Dick Frizzell is without doubt one of the most influential artists working in New Zealand today. Given the rapid and complex societal change that has occurred in New Zealand over the last thirty years, questions of Kiwi identity, culture, environment, and art are ever relevant and as a practising artist, Frizzell is firmly ensconced in a role that asks him to query, to needle, to invent, to reflect. That he still performs this role with dedication and assurance underscores Frizzell’s commitment to his art, his ideas and his environment.
“It was while working in the environment of commercial advertising that Frizzell began to pluck familiar objects from their usual context and turn them into arresting images. Several products that were ‘household’ names to New Zealanders in the late 1970’s became icons in Frizzell’s hands. From sources as varied as canned fish wrappers, corner shop signage and junk mail, he turned images into paintings, giving titles that introduced unexpected associations.” (1)

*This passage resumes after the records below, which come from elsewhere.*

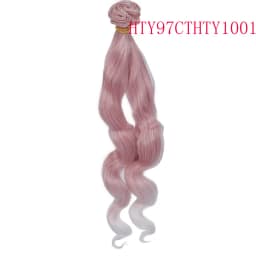 Russian DIY Doll Hair 25cm High Temperature Curly Hair for 1/3 1/4 1/6 BJD DIY Wavy Doll Hair Tree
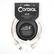 Front. Cordial - Premium High-Copper Microphone Cable - White.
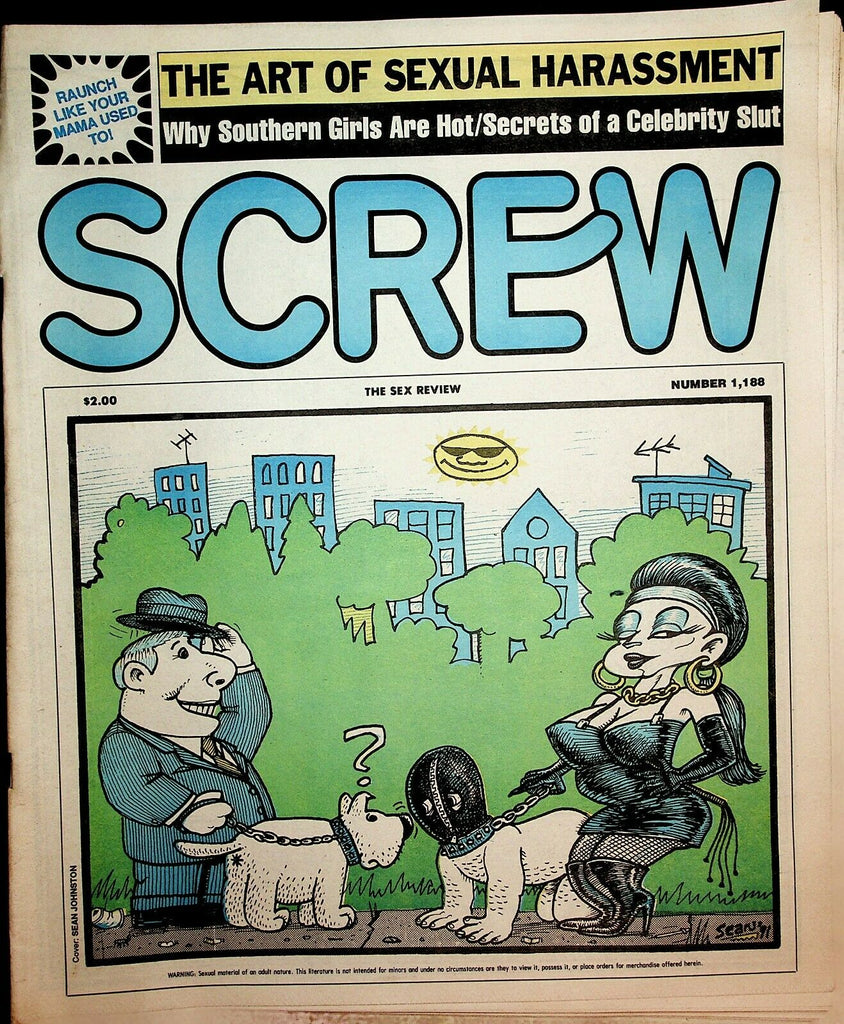 Screw Newspaper Southern Girls Are Hot #1188 December 9, 1991 022220lm-ep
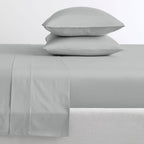Parure de draps en percale ultra-douce 100 % coton à fibres longues Purity Home 400 fils/cm²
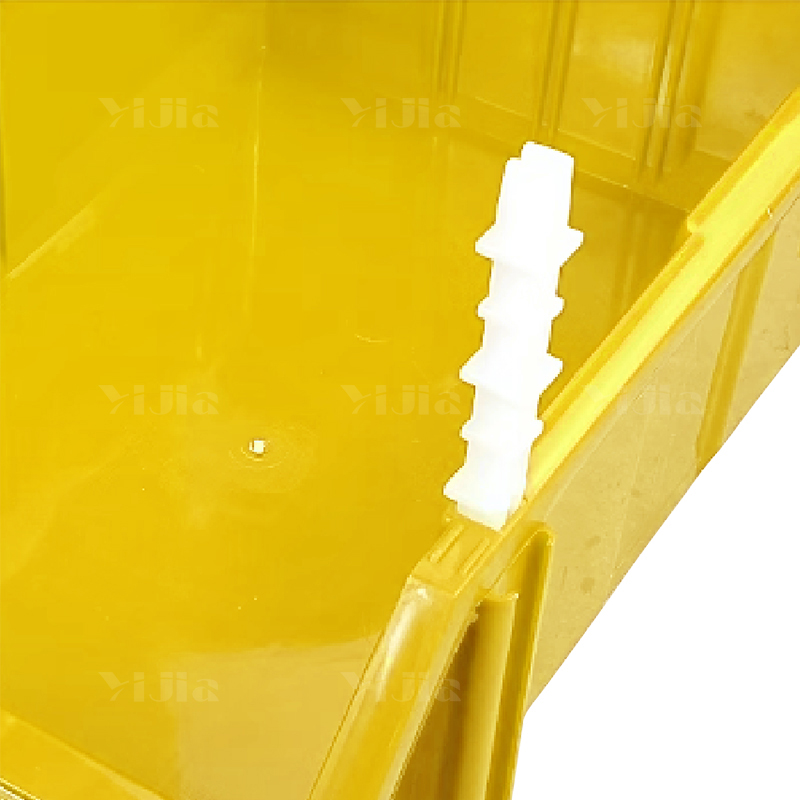 翌嘉YJ4121763 斜口组合式零件盒收纳分类货架型盒箱 黄色 24只装 810*343*1030高清大图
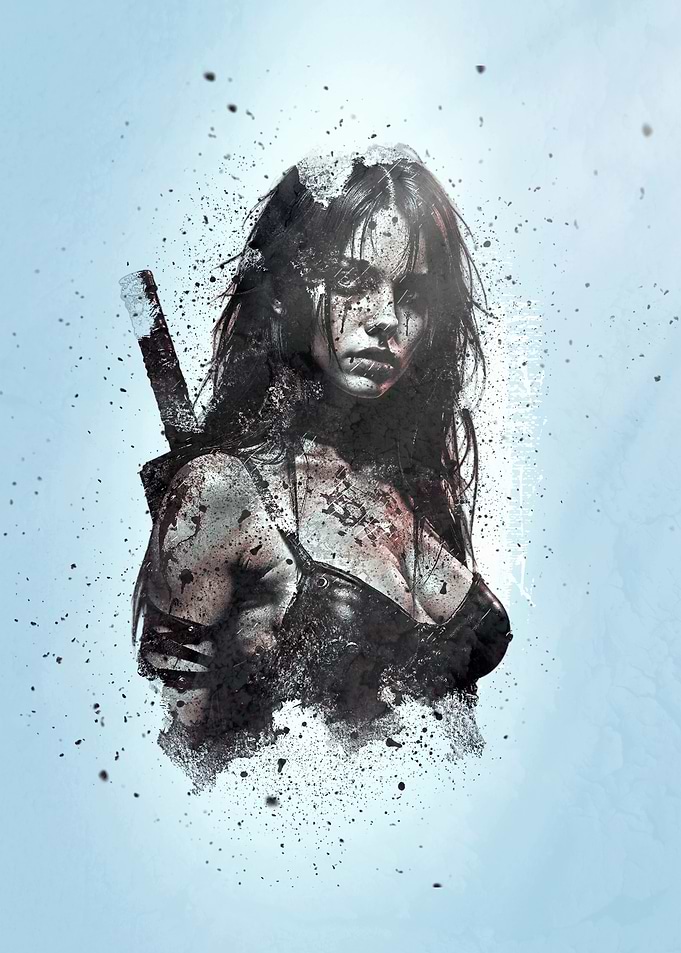 Warrior Woman Digital Portrait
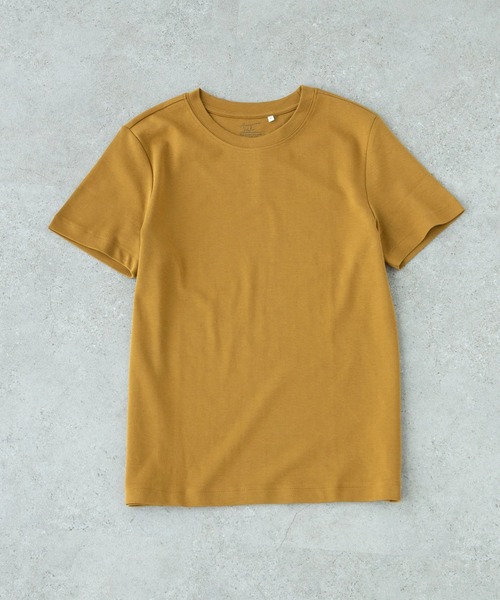 AMERICAN HOLIC（アメリカンホリック）の「★クルーネックカット半袖プルオーバー　＊●（Tシャツ/カットソー・レディース・グリーン/ライトピンク/オフホワイト/ネイビー/ブラック/モカ/アイボリー/ライトイエロー/ラベンダー/ミント/オレンジ/ベージュ/ブルー/チャコールグレー/カーキ/キャメル/ダークベージュ/ライトグレー・M/L/S）」の17枚目の写真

Frizzell’s work has often had “an eclectic quality, brought about by the variety of styles he has borrowed, pastiched or commented on in his art. In much of his imagery, no line is drawn between low art sources such as comic book illustrations or packaging and the high art references with which his painting is freely sprinkled.” (2)
Although primarily a painter, Frizzell also produces an extensive range of works on paper including lithographs and screen prints. Prints and paintings "inspired by comics, advertising trademarks, Māori iconography and rural road signs have flowed out of him for more than four decades, during which time Frizzell has enlivened the local art world with his wit. His is a world in which no image is too sacred or too banal." (3) Frizzell has engendered discussions about cultural (mis)appropriation, bicultural cross-fertilisations, art as design, and the politicisation of New Zealand art to name but a few. It was crucial that these issues began to be addressed and Frizzell continues to do so to this day.